Azioni Iccrea, Brescia punta i piedi
La lettera: battaglia legale senza accordo sullo smobilizzo Le banche aderenti a Ccb hanno il 23% della holding romana
TRENTO Il problema delle azioni di Iccrea «in pancia» alle 100 banche che aderiranno al gruppo trentino di Cassa centrale banca sale di livello. Il Credito cooperativo di Brescia, una delle banche più grandi della galassia Ccb, ha mandato a Iccrea e alla Banca d’Italia una lettera che promette iniziative legali nel caso non si trovasse un accordo sulle quote incrociate.
Nel complesso il gruppo di banche che aderisce a Ccb ha il 22,7% di Iccrea banca, per un corrispettivo di 260-270 milioni di euro. Il presidente del gruppo, Giorgio Fracalossi, ha espresso la volontà di vendere questo pacchetto, a Iccrea (o alle sue banche) oppure a un acquirente terzo. In un’operazione che parte dal miliardo di patrimonio che deve raggiungere Ccb per essere capogruppo (il 13 novembre la sottoscrizione dell’aumento, con un livello che però viene annunciato già a 1,2 miliardi), le quote in Iccrea valgono un quarto di questa cifra. Da Roma però non arriva alcun segnale di apertura: comprare le azioni delle banche «pro-Ccb» significherebbe fare un graditissimo regalo al gruppo avversario, mentre la vendita a soggetti terzi pare presenti problemi statutari. Se le cose però rimangono così, le banche di Ccb avranno in mano quasi il 23% del capitale dell’avversaria Iccrea, questione altrettanto spinosa, ad esempio in termini di rappresentanza.

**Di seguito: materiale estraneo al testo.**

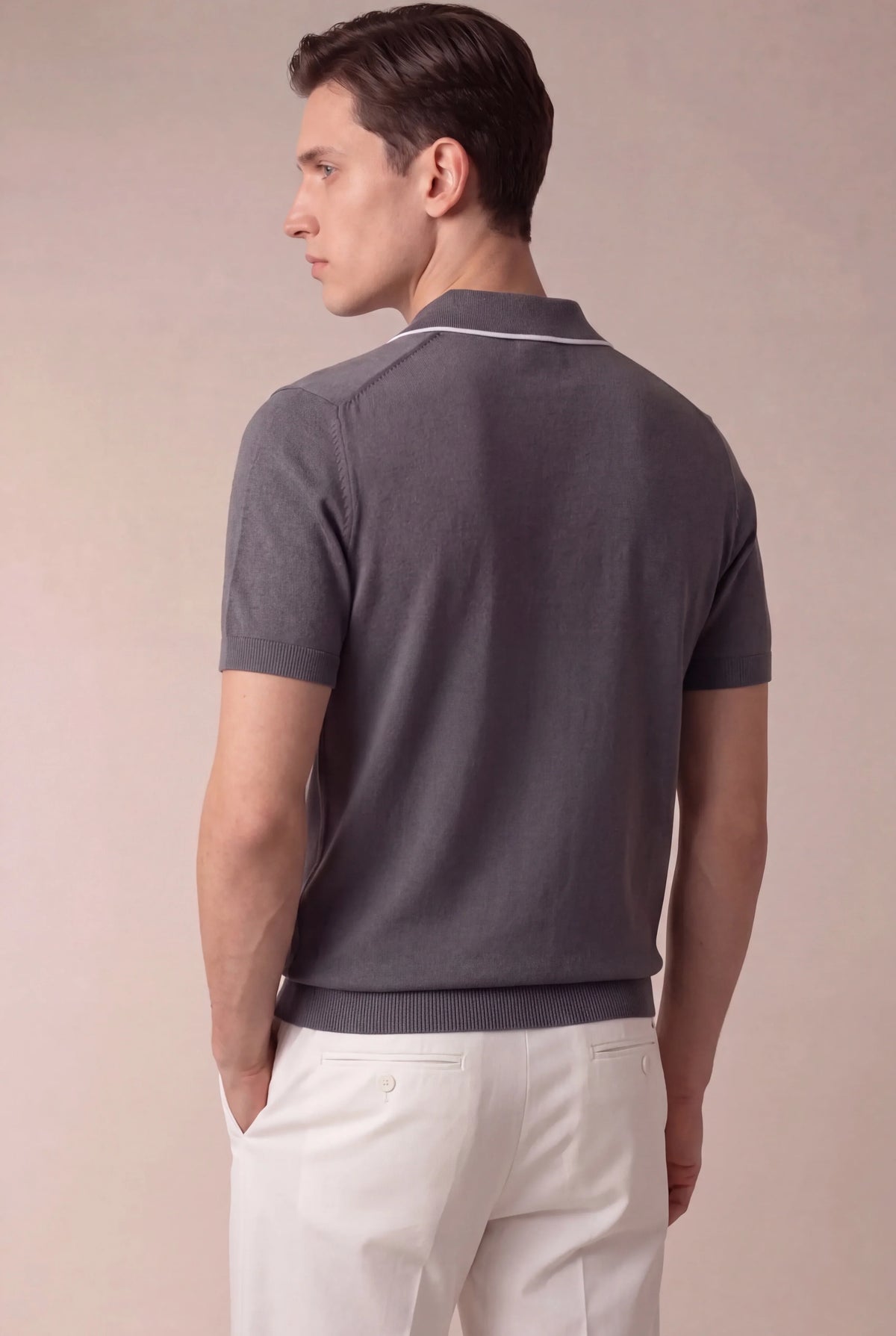 Polo gris oscuro sin botones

Ecco che allora si fa sentire Bcc Brescia, colosso da 242 milioni di patrimonio, con 3 miliardi di raccolta e 1,6 di impieghi. La sua dotazione di azioni Iccrea vale 13 milioni di euro, più o meno il 5% dell’intero ammontare. Il testo dice che in assenza di una soluzione «ragionevole e concordata», Bcc Brescia «non potrà esimersi dal tutelare il proprio interesse», invocando «l’incostituzionalità della disapplicazione del diritto di recesso prevista nell’articolo 2 della legge di riforma» delle Bcc. Inoltre le Bcc azioniste di Iccrea e aderenti a Ccb «sarebbero costrette, loro malgrado ad attivare azioni giudiziarie», che «potrebbero intralciare la tempistica della riforma». Non è escluso che nei prossimi tempi altre banche seguano l’esempio di Brescia.
Intanto, sul fronte trentino, oggi verrà ufficializzata la fusione a quattro fra alcune Casse rurali della Val di Non: Tuenno, Anaunia, Bassa Anaunia e Tassullo Nanno. Si creerà uno degli istituti più rilevanti della provincia, con oltre 2 miliardi di masse amministrate, 158 milioni di patrimonio e un Cet 1 intorno al 20%.